▶ [Brief]: Look below for the line that has "mapa Sarnów gmina". Set down the lines from there through the line that has "Sea Green Silk", exactly as written.
BEGIN Data records
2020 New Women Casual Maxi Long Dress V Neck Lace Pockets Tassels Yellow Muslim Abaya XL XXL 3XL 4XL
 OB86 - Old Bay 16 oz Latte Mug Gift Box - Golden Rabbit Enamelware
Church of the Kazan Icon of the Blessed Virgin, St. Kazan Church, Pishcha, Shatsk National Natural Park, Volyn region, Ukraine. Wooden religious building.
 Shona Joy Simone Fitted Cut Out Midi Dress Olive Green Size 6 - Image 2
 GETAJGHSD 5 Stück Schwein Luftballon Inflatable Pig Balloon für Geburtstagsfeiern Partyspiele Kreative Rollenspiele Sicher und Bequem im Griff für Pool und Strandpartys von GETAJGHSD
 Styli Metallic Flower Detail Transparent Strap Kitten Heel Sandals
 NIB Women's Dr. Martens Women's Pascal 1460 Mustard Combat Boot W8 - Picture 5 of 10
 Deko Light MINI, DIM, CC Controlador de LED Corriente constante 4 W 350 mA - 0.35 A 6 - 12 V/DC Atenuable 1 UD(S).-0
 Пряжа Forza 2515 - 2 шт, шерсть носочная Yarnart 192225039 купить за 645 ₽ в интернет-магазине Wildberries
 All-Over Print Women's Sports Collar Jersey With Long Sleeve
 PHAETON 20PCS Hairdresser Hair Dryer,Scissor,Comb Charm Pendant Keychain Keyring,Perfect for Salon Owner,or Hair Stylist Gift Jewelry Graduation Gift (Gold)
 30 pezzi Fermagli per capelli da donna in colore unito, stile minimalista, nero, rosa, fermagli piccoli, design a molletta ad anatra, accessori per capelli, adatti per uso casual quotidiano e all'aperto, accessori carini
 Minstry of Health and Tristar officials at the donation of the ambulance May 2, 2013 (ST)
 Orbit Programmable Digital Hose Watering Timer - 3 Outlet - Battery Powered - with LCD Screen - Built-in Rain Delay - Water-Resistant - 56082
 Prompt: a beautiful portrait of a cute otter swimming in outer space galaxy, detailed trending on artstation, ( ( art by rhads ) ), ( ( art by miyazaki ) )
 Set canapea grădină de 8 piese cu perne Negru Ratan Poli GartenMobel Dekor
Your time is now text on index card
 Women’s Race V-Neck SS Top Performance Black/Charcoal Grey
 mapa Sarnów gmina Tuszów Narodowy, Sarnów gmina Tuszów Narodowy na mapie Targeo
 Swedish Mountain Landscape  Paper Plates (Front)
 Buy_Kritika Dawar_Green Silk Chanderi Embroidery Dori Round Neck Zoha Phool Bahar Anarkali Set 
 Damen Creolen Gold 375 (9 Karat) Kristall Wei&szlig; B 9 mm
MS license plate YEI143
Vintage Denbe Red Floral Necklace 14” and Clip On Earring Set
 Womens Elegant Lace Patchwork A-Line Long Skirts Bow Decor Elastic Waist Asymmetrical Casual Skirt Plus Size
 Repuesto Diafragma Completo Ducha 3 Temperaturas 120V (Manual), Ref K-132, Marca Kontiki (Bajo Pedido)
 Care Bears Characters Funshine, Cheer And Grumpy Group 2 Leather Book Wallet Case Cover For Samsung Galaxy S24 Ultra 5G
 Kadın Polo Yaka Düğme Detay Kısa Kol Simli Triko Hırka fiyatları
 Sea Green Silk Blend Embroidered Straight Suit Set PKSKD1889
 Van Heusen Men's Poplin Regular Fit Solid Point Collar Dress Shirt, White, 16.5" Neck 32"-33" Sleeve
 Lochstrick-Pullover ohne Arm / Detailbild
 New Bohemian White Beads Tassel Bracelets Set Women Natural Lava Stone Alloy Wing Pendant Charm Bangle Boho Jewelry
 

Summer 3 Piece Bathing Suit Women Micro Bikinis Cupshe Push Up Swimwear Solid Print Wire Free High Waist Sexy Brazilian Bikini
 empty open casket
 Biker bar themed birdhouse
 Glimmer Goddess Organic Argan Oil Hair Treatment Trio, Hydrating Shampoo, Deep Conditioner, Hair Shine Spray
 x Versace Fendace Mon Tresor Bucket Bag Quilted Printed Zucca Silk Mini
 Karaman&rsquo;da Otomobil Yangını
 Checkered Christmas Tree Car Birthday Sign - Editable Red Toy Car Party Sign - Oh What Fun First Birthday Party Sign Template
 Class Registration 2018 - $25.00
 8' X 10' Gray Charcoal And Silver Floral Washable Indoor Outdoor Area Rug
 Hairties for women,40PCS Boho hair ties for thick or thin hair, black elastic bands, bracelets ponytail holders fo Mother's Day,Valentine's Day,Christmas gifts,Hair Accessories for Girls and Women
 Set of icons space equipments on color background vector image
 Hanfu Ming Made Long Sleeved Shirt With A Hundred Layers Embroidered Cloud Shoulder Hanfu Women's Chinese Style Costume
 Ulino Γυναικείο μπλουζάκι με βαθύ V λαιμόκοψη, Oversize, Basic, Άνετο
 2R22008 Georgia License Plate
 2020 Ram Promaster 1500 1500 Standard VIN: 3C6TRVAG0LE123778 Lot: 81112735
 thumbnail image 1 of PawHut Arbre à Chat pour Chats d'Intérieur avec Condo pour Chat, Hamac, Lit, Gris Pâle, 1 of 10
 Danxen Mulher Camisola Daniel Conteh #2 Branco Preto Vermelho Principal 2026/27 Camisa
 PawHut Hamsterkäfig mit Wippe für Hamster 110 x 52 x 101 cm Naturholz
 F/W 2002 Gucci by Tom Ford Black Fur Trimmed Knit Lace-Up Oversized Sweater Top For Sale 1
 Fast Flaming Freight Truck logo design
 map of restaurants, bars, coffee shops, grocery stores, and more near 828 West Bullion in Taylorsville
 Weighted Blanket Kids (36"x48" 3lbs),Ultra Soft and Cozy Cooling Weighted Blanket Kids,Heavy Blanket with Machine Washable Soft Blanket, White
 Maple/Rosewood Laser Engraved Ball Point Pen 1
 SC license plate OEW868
END Data records
▶ [Written solution]:
 mapa Sarnów gmina Tuszów Narodowy, Sarnów gmina Tuszów Narodowy na mapie Targeo
 Swedish Mountain Landscape  Paper Plates (Front)
 Buy_Kritika Dawar_Green Silk Chanderi Embroidery Dori Round Neck Zoha Phool Bahar Anarkali Set 
 Damen Creolen Gold 375 (9 Karat) Kristall Wei&szlig; B 9 mm
MS license plate YEI143
Vintage Denbe Red Floral Necklace 14” and Clip On Earring Set
 Womens Elegant Lace Patchwork A-Line Long Skirts Bow Decor Elastic Waist Asymmetrical Casual Skirt Plus Size
 Repuesto Diafragma Completo Ducha 3 Temperaturas 120V (Manual), Ref K-132, Marca Kontiki (Bajo Pedido)
 Care Bears Characters Funshine, Cheer And Grumpy Group 2 Leather Book Wallet Case Cover For Samsung Galaxy S24 Ultra 5G
 Kadın Polo Yaka Düğme Detay Kısa Kol Simli Triko Hırka fiyatları
 Sea Green Silk Blend Embroidered Straight Suit Set PKSKD1889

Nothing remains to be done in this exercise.